What needs to be done »
Whenever a picture appears in the listing below, leave it out, and copy exactly the lines from the one containing "Documental sobre Alina" through the end.

Records shown »
○ ○ ○ ○ ○ ○ ○

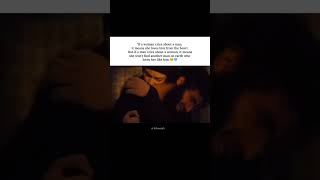 Download lagu 'Ketika Seorang Wanita Menangis untuk Seorang Pria – Itu Adalah Cinta Sejati 💔 | Pengingat Islami' #islamicshorts #love #muslimcon mp3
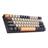 Redragon DRACONIC ELITE K530PRO OG-BK-GY KEYBOARD - 2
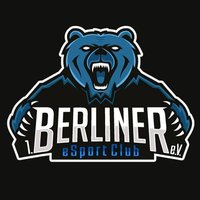 1. Berliner Esport Club Academy Team Red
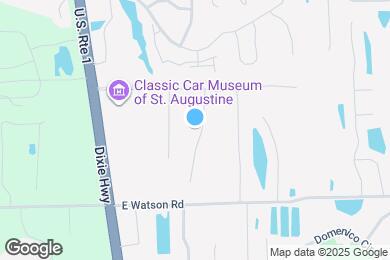 Map image of the property - 120 Hemlock Point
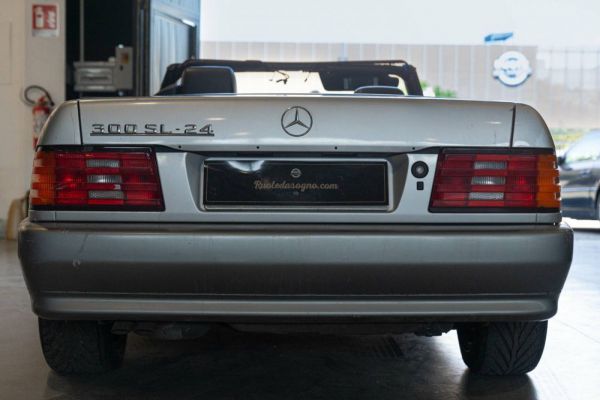 Mercedes-Benz 300 SL-24 1991 46723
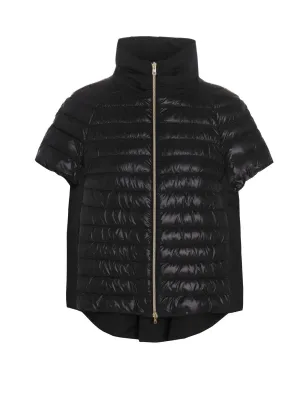 Herno Ultralight Zipped Jacket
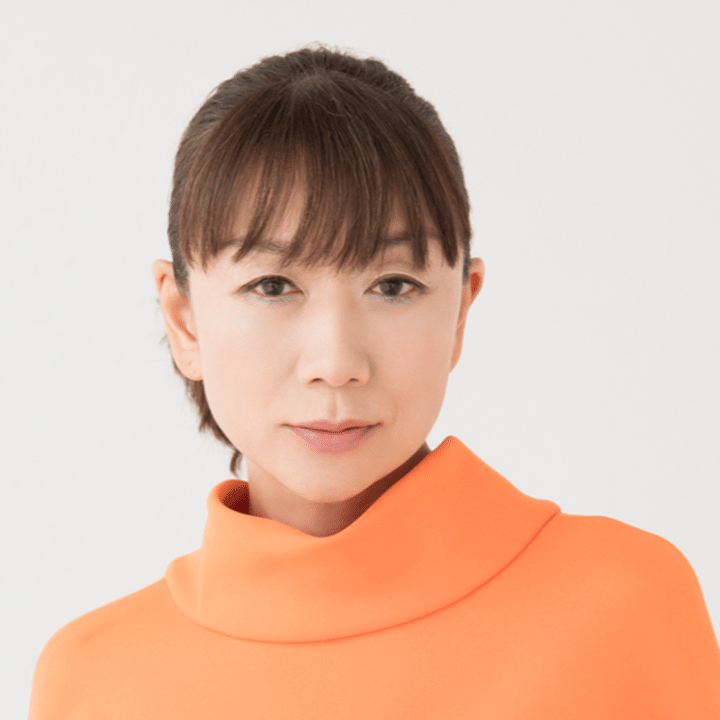 メイクアップアーティスト藤原美智子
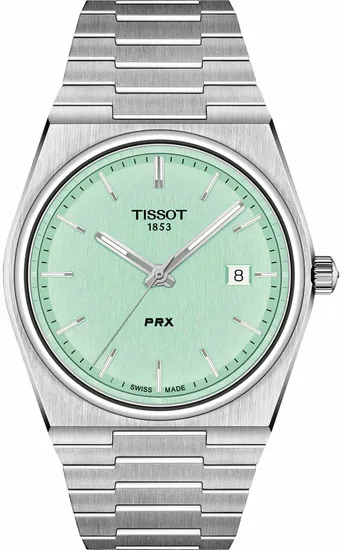 Мужские часы Tissot T137.410.11.091.01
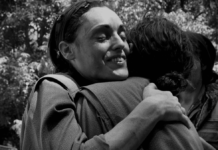 Documental sobre Alina Sánchez conecta Argentina y Kurdistán en Calamuchita FotoDoc
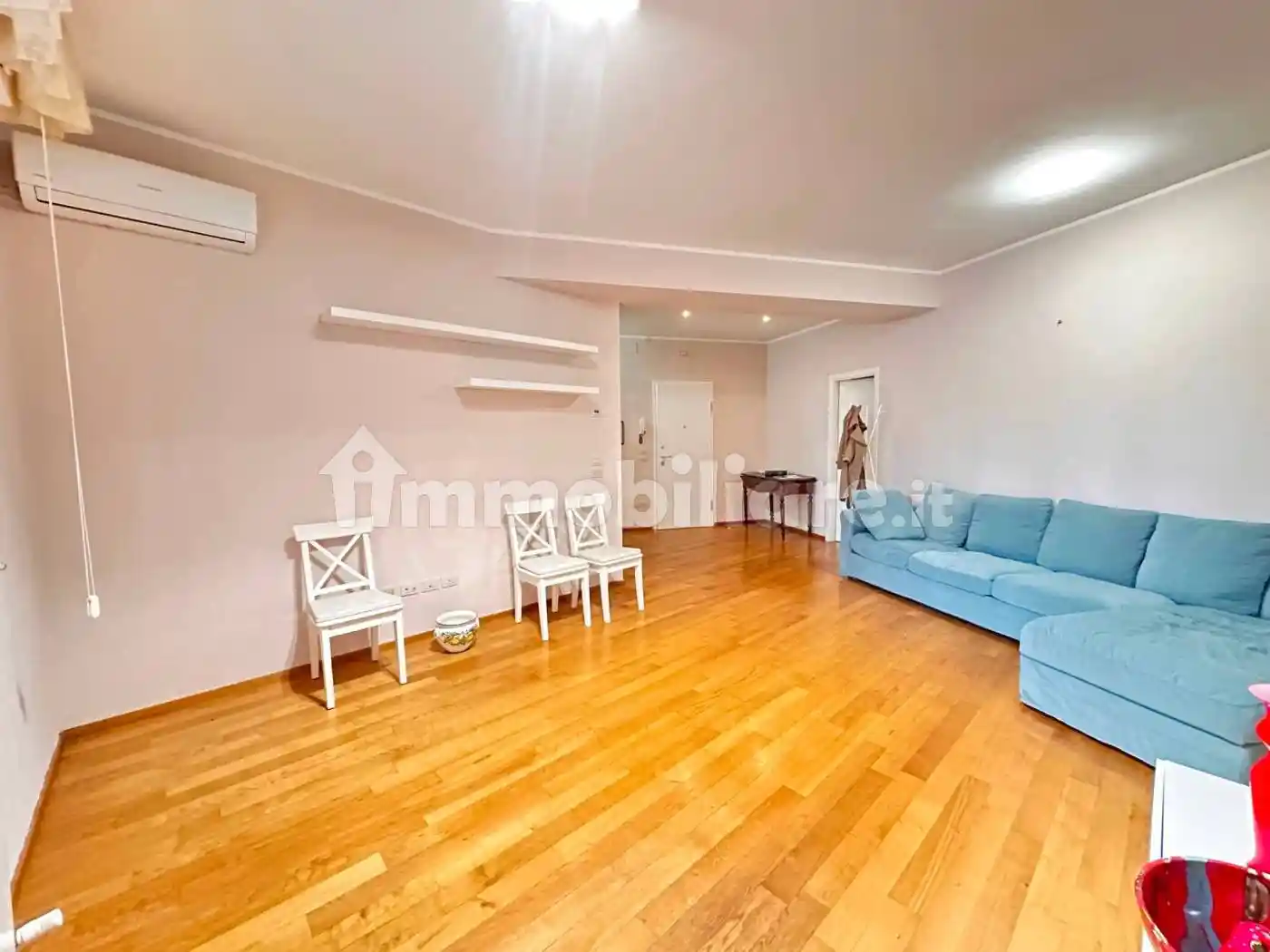 Quadrilocale via 20 Settembre 63, Semicentro - Stazione, Perugia - foto 2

○ ○ ○ ○ ○ ○ ○

Response box »
 Documental sobre Alina Sánchez conecta Argentina y Kurdistán en Calamuchita FotoDoc
 Quadrilocale via 20 Settembre 63, Semicentro - Stazione, Perugia - foto 2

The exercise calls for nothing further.